The Parable of the Arrow

       

                                The Cula-Malunkyovada Sutta: Majjhima Nikaya 63

                                                    The Shorter Instructions to Malunkya

At Jetavana the monk Malunkyaputta, troubled by Gautama Buddha's silence on fourteen unanswerable questions about the nature of the cosmos and life after death, asks him for answers to these questions.

Buddha replied with the following parable:

"It is just as if a man were wounded with an arrow thickly smeared with poison. 

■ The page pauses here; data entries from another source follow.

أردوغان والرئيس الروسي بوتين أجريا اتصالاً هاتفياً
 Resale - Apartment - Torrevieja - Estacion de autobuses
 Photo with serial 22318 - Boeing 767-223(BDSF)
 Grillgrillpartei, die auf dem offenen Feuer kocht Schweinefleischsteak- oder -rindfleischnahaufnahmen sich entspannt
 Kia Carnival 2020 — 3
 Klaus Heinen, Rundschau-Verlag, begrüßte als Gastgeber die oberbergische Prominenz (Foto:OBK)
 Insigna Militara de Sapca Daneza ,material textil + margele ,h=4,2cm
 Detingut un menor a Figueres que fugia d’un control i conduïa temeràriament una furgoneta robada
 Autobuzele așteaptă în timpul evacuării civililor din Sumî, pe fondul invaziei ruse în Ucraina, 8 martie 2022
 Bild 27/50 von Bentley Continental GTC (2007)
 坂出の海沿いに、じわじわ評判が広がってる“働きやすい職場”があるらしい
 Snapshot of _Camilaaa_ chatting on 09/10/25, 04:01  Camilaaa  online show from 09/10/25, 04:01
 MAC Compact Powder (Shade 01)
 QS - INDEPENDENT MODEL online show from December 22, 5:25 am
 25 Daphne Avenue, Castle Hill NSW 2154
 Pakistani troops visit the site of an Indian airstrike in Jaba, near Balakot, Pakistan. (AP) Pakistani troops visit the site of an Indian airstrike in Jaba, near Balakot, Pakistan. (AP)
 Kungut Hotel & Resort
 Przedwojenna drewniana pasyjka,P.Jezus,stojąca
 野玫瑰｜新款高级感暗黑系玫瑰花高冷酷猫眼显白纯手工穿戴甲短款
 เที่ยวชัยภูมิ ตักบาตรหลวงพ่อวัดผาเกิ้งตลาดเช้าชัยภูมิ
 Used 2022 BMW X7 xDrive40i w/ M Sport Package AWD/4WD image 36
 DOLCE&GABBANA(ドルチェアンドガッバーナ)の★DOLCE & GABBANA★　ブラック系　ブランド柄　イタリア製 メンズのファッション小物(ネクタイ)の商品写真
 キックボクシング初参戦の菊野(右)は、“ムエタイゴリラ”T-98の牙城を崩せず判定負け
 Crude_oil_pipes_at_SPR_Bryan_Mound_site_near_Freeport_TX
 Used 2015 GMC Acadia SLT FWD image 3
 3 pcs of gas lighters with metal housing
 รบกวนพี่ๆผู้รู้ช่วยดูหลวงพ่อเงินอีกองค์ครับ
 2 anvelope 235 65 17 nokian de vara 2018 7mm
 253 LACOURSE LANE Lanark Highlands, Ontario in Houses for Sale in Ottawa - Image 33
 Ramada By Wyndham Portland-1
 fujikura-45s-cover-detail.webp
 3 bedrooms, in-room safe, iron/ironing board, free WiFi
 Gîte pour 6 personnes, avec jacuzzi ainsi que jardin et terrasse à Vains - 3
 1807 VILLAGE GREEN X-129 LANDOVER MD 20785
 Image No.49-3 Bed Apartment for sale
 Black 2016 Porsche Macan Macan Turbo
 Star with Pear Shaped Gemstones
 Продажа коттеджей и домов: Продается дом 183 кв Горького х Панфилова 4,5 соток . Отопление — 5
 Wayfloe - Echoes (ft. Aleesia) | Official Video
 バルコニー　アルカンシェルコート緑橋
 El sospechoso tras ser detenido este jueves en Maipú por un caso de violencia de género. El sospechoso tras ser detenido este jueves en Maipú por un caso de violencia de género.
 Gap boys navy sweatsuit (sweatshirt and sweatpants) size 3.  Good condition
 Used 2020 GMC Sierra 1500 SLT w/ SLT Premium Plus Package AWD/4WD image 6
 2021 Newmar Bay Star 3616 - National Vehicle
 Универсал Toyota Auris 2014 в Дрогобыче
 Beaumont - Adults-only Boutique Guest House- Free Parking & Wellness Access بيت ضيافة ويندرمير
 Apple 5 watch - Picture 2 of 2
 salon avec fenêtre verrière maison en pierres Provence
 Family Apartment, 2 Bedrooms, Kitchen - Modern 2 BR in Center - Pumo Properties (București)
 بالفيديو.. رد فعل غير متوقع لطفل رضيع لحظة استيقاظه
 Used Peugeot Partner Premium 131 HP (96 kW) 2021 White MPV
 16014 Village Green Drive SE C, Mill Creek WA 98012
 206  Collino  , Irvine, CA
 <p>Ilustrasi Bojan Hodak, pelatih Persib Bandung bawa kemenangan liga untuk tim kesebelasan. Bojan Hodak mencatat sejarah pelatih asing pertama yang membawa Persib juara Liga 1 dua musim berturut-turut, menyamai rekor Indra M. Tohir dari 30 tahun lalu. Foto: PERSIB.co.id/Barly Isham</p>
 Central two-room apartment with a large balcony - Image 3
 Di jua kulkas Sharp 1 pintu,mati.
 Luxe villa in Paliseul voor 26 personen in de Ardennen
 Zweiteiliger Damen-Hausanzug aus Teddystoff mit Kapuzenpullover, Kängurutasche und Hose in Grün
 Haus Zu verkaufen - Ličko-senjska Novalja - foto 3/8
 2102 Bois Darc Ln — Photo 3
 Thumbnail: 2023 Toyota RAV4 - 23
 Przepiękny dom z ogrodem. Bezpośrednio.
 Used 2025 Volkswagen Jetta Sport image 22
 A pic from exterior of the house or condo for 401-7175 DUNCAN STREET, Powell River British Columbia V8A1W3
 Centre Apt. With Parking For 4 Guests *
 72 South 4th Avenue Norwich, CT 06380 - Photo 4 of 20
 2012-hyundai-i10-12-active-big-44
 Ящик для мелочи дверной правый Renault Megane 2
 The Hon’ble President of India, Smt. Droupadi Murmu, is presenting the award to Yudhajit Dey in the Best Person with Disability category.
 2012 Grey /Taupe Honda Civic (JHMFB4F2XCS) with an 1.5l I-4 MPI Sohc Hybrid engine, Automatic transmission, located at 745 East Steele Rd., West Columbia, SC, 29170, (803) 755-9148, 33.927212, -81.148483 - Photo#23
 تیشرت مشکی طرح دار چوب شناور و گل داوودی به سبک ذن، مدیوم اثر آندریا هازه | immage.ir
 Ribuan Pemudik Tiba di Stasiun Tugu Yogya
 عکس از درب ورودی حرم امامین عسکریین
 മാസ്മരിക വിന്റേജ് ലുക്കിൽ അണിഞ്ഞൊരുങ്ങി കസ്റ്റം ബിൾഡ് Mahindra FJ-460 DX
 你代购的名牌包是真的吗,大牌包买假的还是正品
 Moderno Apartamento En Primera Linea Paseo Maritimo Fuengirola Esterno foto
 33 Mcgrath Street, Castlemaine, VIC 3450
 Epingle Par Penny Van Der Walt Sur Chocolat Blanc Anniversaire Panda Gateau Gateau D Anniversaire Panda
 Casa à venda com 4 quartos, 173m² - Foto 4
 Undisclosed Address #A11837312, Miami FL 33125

"His friends & companions, kinsmen & relatives would provide him with a surgeon, and the man would say, 'I won't have this arrow removed until I know whether the man who wounded me was a noble warrior, a priest, a merchant, or a worker.' 

"He would say, 'I won't have this arrow removed until I know the given name & clan name of the man who wounded me... until I know whether he was tall, medium, or short... until I know whether he was dark, ruddy-brown, or golden-colored... until I know his home village, town, or city... until I know whether the bow with which I was wounded was a long bow or a crossbow... until I know whether the bowstring with which I was wounded was fiber, bamboo threads, sinew, hemp, or bark... until I know whether the shaft with which I was wounded was wild or cultivated... until I know whether the feathers of the shaft with which I was wounded were those of a vulture, a stork, a hawk, a peacock, or another bird... until I know whether the shaft with which I was wounded was bound with the sinew of an ox, a water buffalo, a langur, or a monkey.' He would say, 'I won't have this arrow removed until I know whether the shaft with which I was wounded was that of a common arrow, a curved arrow, a barbed, a calf-toothed, or an oleander arrow.' 

The man would die and those things would still remain unknown to him."

ords.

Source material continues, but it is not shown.